Indie and Lo-Fi music review Glutton For Punishment.
Okay, imagaine The Replacements, George Jones, The Minutemen, The Mekons, CCR, Neil Young, Dylan, Warren Zevon, Elvis Costello, Bruce Springsteen, Big Star, Exile On Mainstreet era Stones, & early REM---all rolled into one. Then toss in your your small town bar's favorite local jam/cover band. Outside of a few critical raves & a small cult of ardent admirers, the world has no patience for songwriters like Jack Logan. Or for albums like Bulk. Which is a shame because there's some incredible stuff at work here. You may not like every song on here, but I'd wager to guess there's more than 10 ya can't do without.

Drunken, lo-fi & loose---this is what the term "Indy Rock" is supposed to mean. A virtual smorgasboard of musical styles are on display: Garage,Punk,Country,Pop,& good old fashioned Rock & Roll. But be warned: these aren't studio recordings. So whiney audiophiles---don't waste your money or your breath. But if you're not afraid of a little grit in your speakers, read on.

Disc 1 tends to get more airplay as far as I'm concerned. "Fu*K Everything" sets the tone right off, quietly putting 1001 Nirvana's to shame. The macabre depths of "Underneath Your Bed & "Chloroform" are likely to tickle the funnybone while sending a shiver up the spine. But for sheer catchiness, you can't top the likes of "Shrunken Head" or "Voodoo Doll". On the flip side of that, there's the punk-noise dementia of "Lovely". Other stand outs include the haunting, "Escape Clause" & "15 Years In Indiana".

On disc 2, the likes of "Would I Be Happy Then?" keeps me coming back for more. And I'm a sucker for that eerie cover of Neil Young's "On The Beach". Things end with "Town Crier" which is another in a long list of great songs on here that they haven't invented a category for yet.

With his tongue-in-cheek & feet firmly planted in the rural South, Logan has a knack for stumbling onto a few deep, dark truths before shrugging them off in favor of "A New Used Car & A Plate Of Bar-B-Que". Over all, Bulk goes to show that well crafted songs don't necessarily need slick studio backing or a houshold name to commend them. Quirky, raw & often moving---stuff like this is like stumbling onto this incredible yard sale in a small town just off the insterstate.
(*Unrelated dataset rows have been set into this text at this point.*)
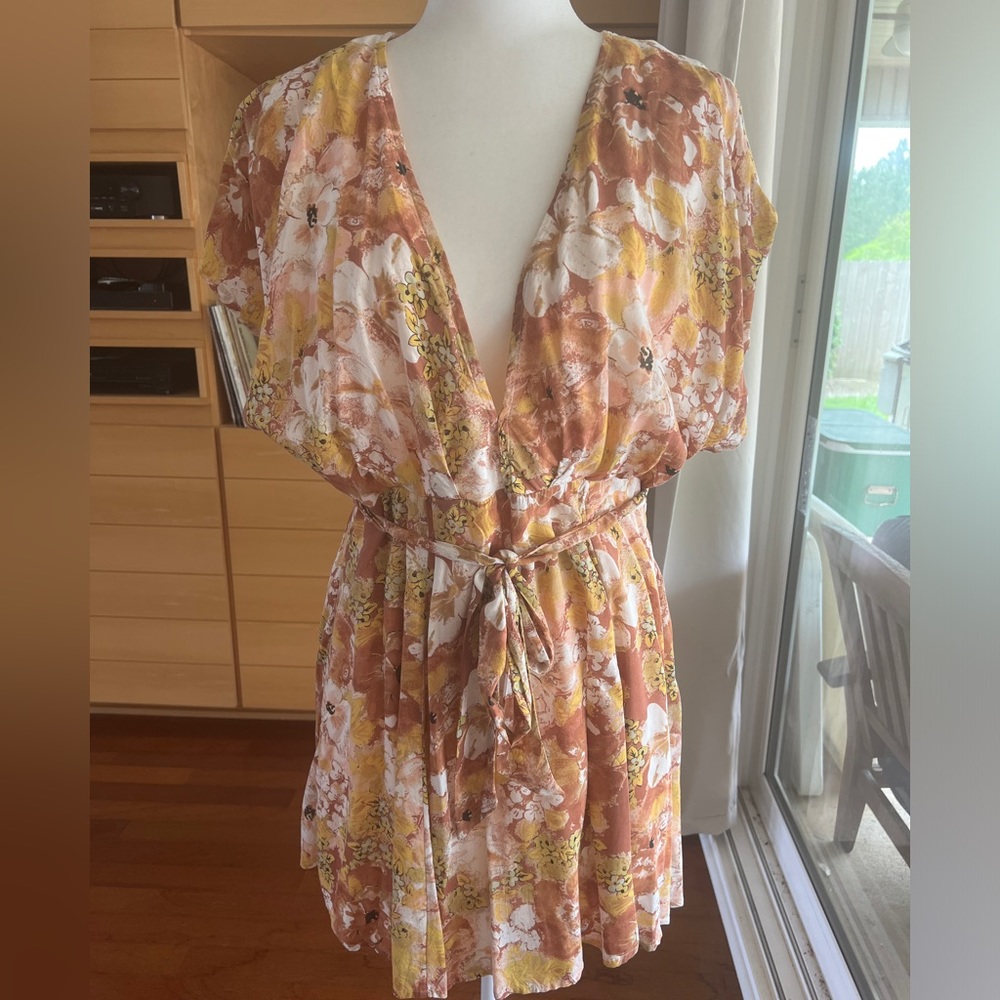 Free People Floral Mini Dress in Rust, White & Yellow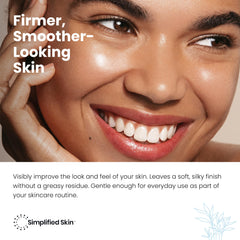 Simplified Skin Retinol Cream label detail showing 2.5% Retinol for potent results.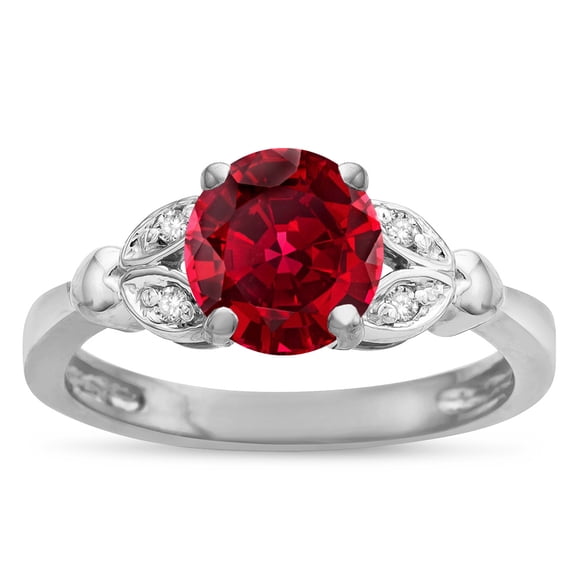Star K � Round 7mm Created Ruby Marquee Design Promise Engagement Ring
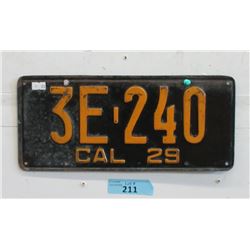 Rare USA 1929 California License Plate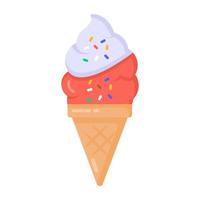 un icono plano de cono de helado, un delicioso postre vector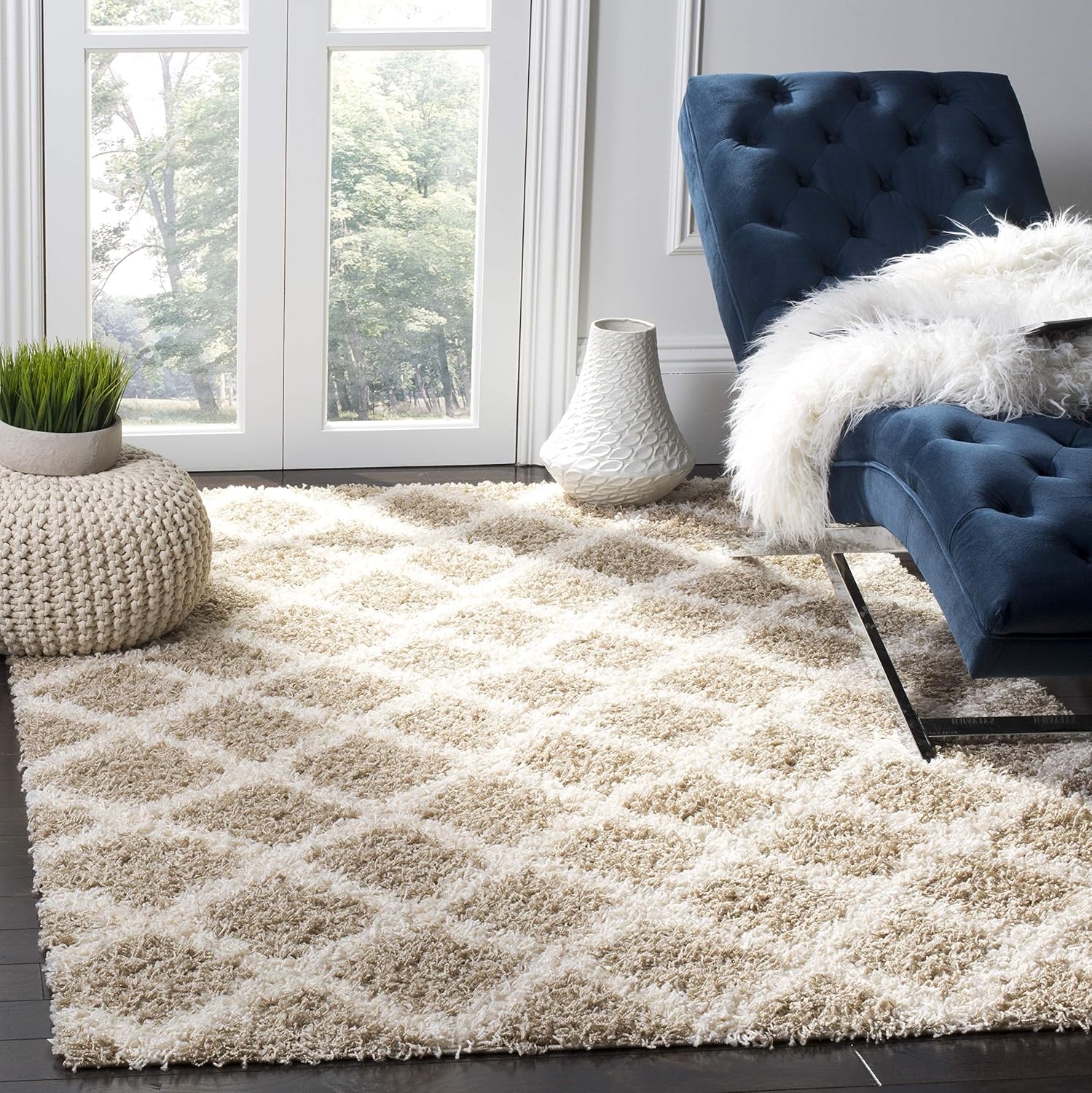 image:imageSAFAVIEH Dallas Shag Collection Area Rug 86 x 12 Dark Grey amp Ivory Trellis Design NonShedding amp Easy Care 15inch Thick Ideal for High Traffic Areas in Living Room Bedroom SGDS258ABeigeIvory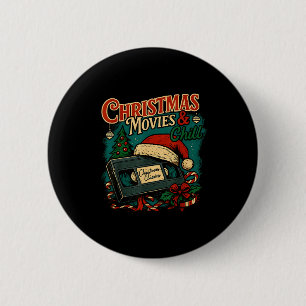 Badge Rond 5 Cm Films de Noël Chill Rétro Vhs Fêtes Nostalgie
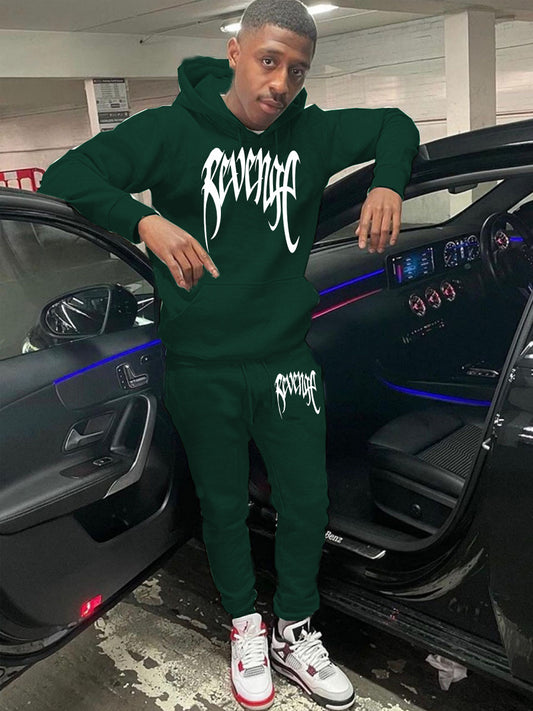 Damen Hoodie- und Jogginghose-Set mit modernem Schriftzug und bequemer Passform Fudus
Indie and Lo-Fi music review The absurdity of it all
Nick Drake sang of the absurdity of life and Albert Camus wrote about it. Flannerey O'Connor took literary snap-shots of simple people with simple lives in the South. The Stones made a living off killer riffs and Neil Young brought us the muted agony of Tonight's the Night and frenzied emotion of Like a Hurricane. Jack Logan does all these things and he does them for one reason, it is what he likes to do.
I saw Jack Logan in Boston back in 1995. A friend and myself where the only people there to see him and know who he was. He introduced himself as being from London and proceeded to play about 2 hours worth of songs from Bulk (and drink about 10 Buds).
Female Jesus is a metaphor about people finding Salvation in different ways. Shrunken Head (Probably the most commercial song on the album) is a white trash anthem of growing up and dealing with tough family situations. Drunken Arms and New Used Car and a Plate of BBQ are classic Southern Country songs about longing and alcohol. Who else would mention Brunswick Stew in a song. Tex recalls Exile on Mainstreet Stones and Farsighted recalls early 80's Graham Parker.
Other stand-out songs include Escape Clause, 15 Years in Indiana, Chloroform (disturbing subject matter), Monday Night, Good Times/Bad Memories and Weatherman.
I own over 3000 CD's and can say without hesitation this is, along with Nick Drake's Pink Moon, my most listened to disc.
It is all things to people who love good old fashion rock and roll with a sense of humor and understanding of the daily toil that is life. Much like when Kurt Vonnegut inserts himself into his novel Breakfast of Champions, Jack Logan put himself into each song and gives us a view of life that is both humorous and depressing.


Indie and Lo-Fi music review
Lonesome Crowded West
Released in Audio CD by Up. (18 November, 1997)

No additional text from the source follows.